(Brief descriptive captions)

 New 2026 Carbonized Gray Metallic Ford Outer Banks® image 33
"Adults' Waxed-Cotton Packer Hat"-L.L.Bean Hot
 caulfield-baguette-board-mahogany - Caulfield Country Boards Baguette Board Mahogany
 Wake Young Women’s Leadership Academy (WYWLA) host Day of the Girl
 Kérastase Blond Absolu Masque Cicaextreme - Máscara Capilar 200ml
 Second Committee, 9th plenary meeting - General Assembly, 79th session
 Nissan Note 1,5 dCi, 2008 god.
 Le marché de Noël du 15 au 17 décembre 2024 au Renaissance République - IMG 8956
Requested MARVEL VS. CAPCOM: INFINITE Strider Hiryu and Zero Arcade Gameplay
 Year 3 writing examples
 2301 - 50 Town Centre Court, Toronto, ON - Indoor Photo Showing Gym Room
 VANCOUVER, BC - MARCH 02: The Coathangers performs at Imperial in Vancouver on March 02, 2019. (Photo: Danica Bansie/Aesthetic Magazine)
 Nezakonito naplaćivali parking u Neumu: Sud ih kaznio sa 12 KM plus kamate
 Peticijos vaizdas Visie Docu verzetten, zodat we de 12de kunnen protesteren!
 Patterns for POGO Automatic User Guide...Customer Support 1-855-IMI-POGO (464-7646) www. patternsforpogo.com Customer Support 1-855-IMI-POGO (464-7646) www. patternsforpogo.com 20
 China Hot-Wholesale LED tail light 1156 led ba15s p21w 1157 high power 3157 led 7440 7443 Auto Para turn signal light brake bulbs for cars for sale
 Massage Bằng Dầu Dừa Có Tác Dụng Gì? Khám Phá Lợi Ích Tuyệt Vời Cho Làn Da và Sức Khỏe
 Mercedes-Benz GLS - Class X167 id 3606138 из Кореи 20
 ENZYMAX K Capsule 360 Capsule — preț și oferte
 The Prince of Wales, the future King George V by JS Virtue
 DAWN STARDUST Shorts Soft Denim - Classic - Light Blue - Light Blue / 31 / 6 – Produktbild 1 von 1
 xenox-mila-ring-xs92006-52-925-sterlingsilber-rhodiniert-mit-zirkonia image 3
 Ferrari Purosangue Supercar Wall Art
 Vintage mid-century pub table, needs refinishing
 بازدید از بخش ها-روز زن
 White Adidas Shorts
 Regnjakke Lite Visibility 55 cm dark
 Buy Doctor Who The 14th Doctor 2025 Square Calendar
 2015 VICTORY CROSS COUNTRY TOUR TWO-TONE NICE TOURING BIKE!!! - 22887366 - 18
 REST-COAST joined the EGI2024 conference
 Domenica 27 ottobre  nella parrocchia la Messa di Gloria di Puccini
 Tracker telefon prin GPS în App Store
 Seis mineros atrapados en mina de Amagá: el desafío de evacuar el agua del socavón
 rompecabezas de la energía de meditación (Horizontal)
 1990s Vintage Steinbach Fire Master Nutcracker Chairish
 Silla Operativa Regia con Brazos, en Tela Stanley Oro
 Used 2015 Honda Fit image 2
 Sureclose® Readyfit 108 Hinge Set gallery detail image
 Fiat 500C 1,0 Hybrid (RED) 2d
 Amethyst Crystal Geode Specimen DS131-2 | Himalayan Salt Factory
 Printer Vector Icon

[WHAT TO DO]
Give back exactly the lines above starting at the line where "Patterns for POGO" appears and ending at the line where "China Hot-Wholesale LED" appears, both included, with no other lines.

[ANSWER TO THIS PROBLEM]
 Patterns for POGO Automatic User Guide...Customer Support 1-855-IMI-POGO (464-7646) www. patternsforpogo.com Customer Support 1-855-IMI-POGO (464-7646) www. patternsforpogo.com 20
 China Hot-Wholesale LED tail light 1156 led ba15s p21w 1157 high power 3157 led 7440 7443 Auto Para turn signal light brake bulbs for cars for sale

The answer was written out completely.